- _WORK REQUEST_
Return every line below exactly.

- _Stored items from a collection_
****

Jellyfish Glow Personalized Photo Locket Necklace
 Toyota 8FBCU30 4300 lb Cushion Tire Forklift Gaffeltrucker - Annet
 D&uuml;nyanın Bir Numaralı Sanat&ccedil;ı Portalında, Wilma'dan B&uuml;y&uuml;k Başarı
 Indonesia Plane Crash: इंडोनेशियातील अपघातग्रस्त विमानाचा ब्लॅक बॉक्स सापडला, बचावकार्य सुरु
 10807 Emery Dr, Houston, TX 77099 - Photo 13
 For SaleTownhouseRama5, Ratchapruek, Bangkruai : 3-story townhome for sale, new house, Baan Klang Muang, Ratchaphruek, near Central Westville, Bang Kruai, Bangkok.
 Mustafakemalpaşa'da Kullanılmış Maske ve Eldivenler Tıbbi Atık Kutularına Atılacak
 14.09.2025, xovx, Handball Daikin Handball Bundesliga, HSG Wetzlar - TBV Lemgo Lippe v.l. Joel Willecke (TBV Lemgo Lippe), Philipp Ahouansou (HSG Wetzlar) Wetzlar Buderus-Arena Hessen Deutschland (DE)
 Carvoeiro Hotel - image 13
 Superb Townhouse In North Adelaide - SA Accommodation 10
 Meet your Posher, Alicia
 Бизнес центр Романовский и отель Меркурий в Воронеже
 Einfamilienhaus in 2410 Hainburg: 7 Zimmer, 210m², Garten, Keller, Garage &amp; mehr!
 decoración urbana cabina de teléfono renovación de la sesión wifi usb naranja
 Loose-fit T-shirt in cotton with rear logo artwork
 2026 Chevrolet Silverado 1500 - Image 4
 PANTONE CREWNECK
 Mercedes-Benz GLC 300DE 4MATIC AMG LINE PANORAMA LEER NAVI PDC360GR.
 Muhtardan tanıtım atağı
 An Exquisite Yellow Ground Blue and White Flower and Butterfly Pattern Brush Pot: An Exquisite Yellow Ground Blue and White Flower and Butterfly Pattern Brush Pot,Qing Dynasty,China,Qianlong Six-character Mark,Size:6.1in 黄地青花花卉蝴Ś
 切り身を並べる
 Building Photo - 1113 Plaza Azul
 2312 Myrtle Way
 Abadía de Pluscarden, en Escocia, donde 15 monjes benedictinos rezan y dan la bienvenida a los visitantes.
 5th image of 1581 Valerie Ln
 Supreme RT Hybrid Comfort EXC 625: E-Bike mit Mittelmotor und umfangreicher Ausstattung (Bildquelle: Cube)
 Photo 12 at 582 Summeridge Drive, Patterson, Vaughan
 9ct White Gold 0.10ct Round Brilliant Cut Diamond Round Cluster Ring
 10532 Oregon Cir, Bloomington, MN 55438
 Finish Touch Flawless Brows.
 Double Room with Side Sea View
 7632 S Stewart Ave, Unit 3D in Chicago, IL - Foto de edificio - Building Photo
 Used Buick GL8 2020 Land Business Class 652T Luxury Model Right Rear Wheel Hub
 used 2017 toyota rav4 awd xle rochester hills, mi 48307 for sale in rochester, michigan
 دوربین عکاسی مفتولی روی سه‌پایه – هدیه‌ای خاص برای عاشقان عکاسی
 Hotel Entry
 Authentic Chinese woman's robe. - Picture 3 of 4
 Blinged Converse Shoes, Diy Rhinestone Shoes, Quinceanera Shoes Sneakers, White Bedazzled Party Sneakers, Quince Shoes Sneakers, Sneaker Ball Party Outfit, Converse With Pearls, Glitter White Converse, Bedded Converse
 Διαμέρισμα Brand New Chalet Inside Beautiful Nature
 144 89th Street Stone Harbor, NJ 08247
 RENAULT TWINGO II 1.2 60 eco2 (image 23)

****

- _YOUR RESPONSE_
Jellyfish Glow Personalized Photo Locket Necklace
 Toyota 8FBCU30 4300 lb Cushion Tire Forklift Gaffeltrucker - Annet
 D&uuml;nyanın Bir Numaralı Sanat&ccedil;ı Portalında, Wilma'dan B&uuml;y&uuml;k Başarı
 Indonesia Plane Crash: इंडोनेशियातील अपघातग्रस्त विमानाचा ब्लॅक बॉक्स सापडला, बचावकार्य सुरु
 10807 Emery Dr, Houston, TX 77099 - Photo 13
 For SaleTownhouseRama5, Ratchapruek, Bangkruai : 3-story townhome for sale, new house, Baan Klang Muang, Ratchaphruek, near Central Westville, Bang Kruai, Bangkok.
 Mustafakemalpaşa'da Kullanılmış Maske ve Eldivenler Tıbbi Atık Kutularına Atılacak
 14.09.2025, xovx, Handball Daikin Handball Bundesliga, HSG Wetzlar - TBV Lemgo Lippe v.l. Joel Willecke (TBV Lemgo Lippe), Philipp Ahouansou (HSG Wetzlar) Wetzlar Buderus-Arena Hessen Deutschland (DE)
 Carvoeiro Hotel - image 13
 Superb Townhouse In North Adelaide - SA Accommodation 10
 Meet your Posher, Alicia
 Бизнес центр Романовский и отель Меркурий в Воронеже
 Einfamilienhaus in 2410 Hainburg: 7 Zimmer, 210m², Garten, Keller, Garage &amp; mehr!
 decoración urbana cabina de teléfono renovación de la sesión wifi usb naranja
 Loose-fit T-shirt in cotton with rear logo artwork
 2026 Chevrolet Silverado 1500 - Image 4
 PANTONE CREWNECK
 Mercedes-Benz GLC 300DE 4MATIC AMG LINE PANORAMA LEER NAVI PDC360GR.
 Muhtardan tanıtım atağı
 An Exquisite Yellow Ground Blue and White Flower and Butterfly Pattern Brush Pot: An Exquisite Yellow Ground Blue and White Flower and Butterfly Pattern Brush Pot,Qing Dynasty,China,Qianlong Six-character Mark,Size:6.1in 黄地青花花卉蝴Ś
 切り身を並べる
 Building Photo - 1113 Plaza Azul
 2312 Myrtle Way
 Abadía de Pluscarden, en Escocia, donde 15 monjes benedictinos rezan y dan la bienvenida a los visitantes.
 5th image of 1581 Valerie Ln
 Supreme RT Hybrid Comfort EXC 625: E-Bike mit Mittelmotor und umfangreicher Ausstattung (Bildquelle: Cube)
 Photo 12 at 582 Summeridge Drive, Patterson, Vaughan
 9ct White Gold 0.10ct Round Brilliant Cut Diamond Round Cluster Ring
 10532 Oregon Cir, Bloomington, MN 55438
 Finish Touch Flawless Brows.
 Double Room with Side Sea View
 7632 S Stewart Ave, Unit 3D in Chicago, IL - Foto de edificio - Building Photo
 Used Buick GL8 2020 Land Business Class 652T Luxury Model Right Rear Wheel Hub
 used 2017 toyota rav4 awd xle rochester hills, mi 48307 for sale in rochester, michigan
 دوربین عکاسی مفتولی روی سه‌پایه – هدیه‌ای خاص برای عاشقان عکاسی
 Hotel Entry
 Authentic Chinese woman's robe. - Picture 3 of 4
 Blinged Converse Shoes, Diy Rhinestone Shoes, Quinceanera Shoes Sneakers, White Bedazzled Party Sneakers, Quince Shoes Sneakers, Sneaker Ball Party Outfit, Converse With Pearls, Glitter White Converse, Bedded Converse
 Διαμέρισμα Brand New Chalet Inside Beautiful Nature
 144 89th Street Stone Harbor, NJ 08247
 RENAULT TWINGO II 1.2 60 eco2 (image 23)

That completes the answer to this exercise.